SARS-CoV-2, the causative agent of COVID-19, is a ribonucleic acid (RNA) enveloped virus composed of 29 structural proteins. The four main structural proteins - membrane (M), nucleocapsid (N), envelope (E), and spike (S) proteins assemble to form 100nm SARS-CoV-2 particles.

Several reports have suggested that the different combinations of the M, N, E, and S proteins, play a crucial role in VLPs formation. Researchers have established several minimal systems for SARS-CoV-2 VLPs production; however, to date, an optimal proportion of SARS-CoV-2 structural proteins for use in such systems has not been determined and tested.

About the study

In the present study, researchers used an optimal transfected plasmid ratio of M, N, E, and S proteins mimicking SARS-CoV-2 RNA ratios to obtain SARS-CoV-2 VLPs composed of structural proteins M, N, E, and S.

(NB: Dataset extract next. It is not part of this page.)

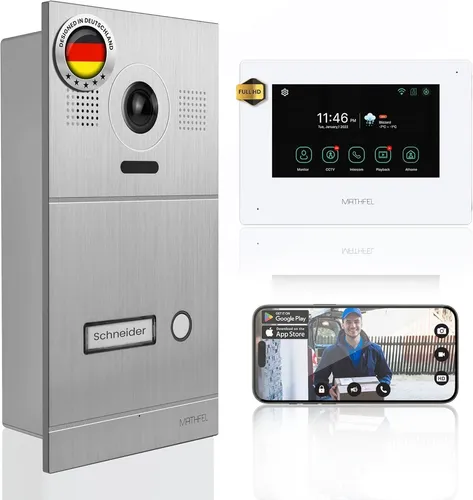 Draht WLAN Video Türsprechanlage mit 170 Grad HD Auflösung - Haus-Alarmanlagen mit 1x 7 Zoll Monitor für klare Bildübertragung und Sicherheit durch WLAN-Anbindung.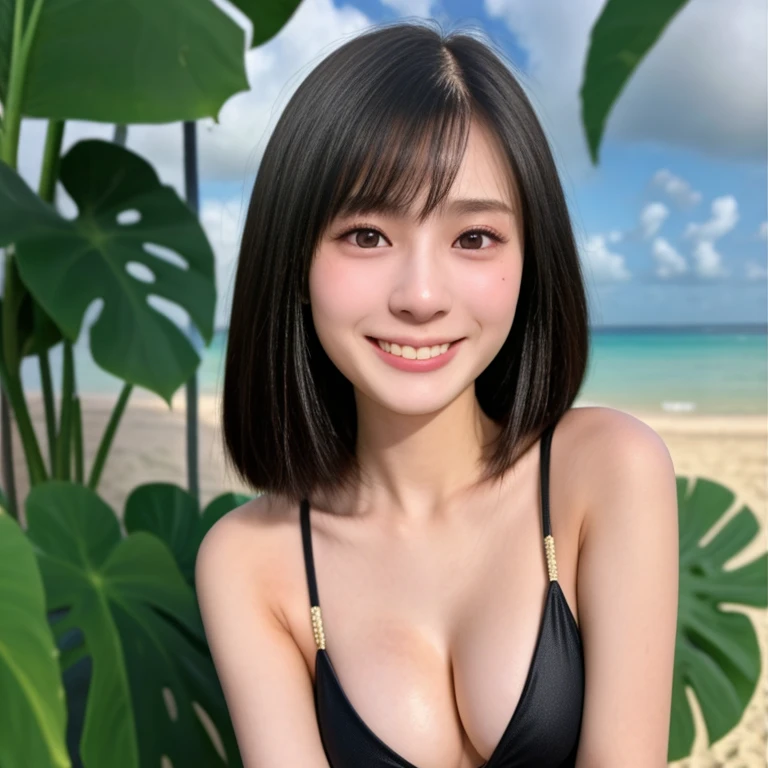 (kawaii 24 year-old Japanese girl, Nogizaka idol, Korean idol), healthy female athlete body, glossy black hair, (very short hair, bangs:1.2), beautiful black eyes, rounded face, single eyelid, (no makeup:1.2), (big laughing), (bikini swimsuit:1.3), extra small breasts, BREAK, (tropical atmosphere, beachside, summer daylight:1.2), (dynamic angle, bust shot:1.2), BREAK, (masterpiece, best quality, photo realistic, official art:1.4), (UHD, 8K quality wallpaper, high resolution, raw photo, golden ratio:1.3), (shiny skin), professional lighting, physically based rendering, award winning, (highly detailed skin texture, extremely detailed face and eyes textures), Carl Zeiss 85 mm F/1.4, depth of field, (1girl, solo),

They derived SARS-CoV-2 RNA ratios from the transcriptomic analysis of the SARS-CoV-2 genome in infected pulmonary Calu3/intestinal Caco2 cells and human pulmonary A549hACE2 cells. They also optimized the production of fluorescent VLPs (bi- or mono-color) tagged with structural SARS-CoV-2 proteins to visualize viral particle entry into host cells using quantitative confocal microscopy.

Further, they characterized these VLPs using advanced microscopic techniques to determine the numbers, size, and morphology of VLPs comparable to wild-type (wt) SARS-CoV-2 particles. They used a suite of microscopic techniques, including Fluctuation Correlation Spectroscopy (FCS), Total Internal Reflection Fluorescence Microscopy (TIRF-M), Photo-Activable Localization Microscopy (PALM), and correlative fluorescence-Atomic Force Microscopy (AFM) for the analysis.

Study findings

RNA sequencing (RNAseq) analysis showed that a plasmid ratio of 3:12:2:5 for M:N: E:S increased VLPs production by 1.5-fold for VLPs composed of MNE and MNES. Comparatively, the 3:3:3:5 ratio for M:N: E:S with more S incorporation and more mature S2 on the VLPs, mimicked the wt virus.

The AFM results confirmed that these viral particles were VLPs and not exosomes or extracellular vesicles (EVs). Immunospotting on green fluorescent protein (GFP)-VLP showed less than 5% or no colocalization between VLP and EVs tagged with a cluster of differentiation 81 (CD81) marker, suggesting VLPs exited through a distinct secretory pathway.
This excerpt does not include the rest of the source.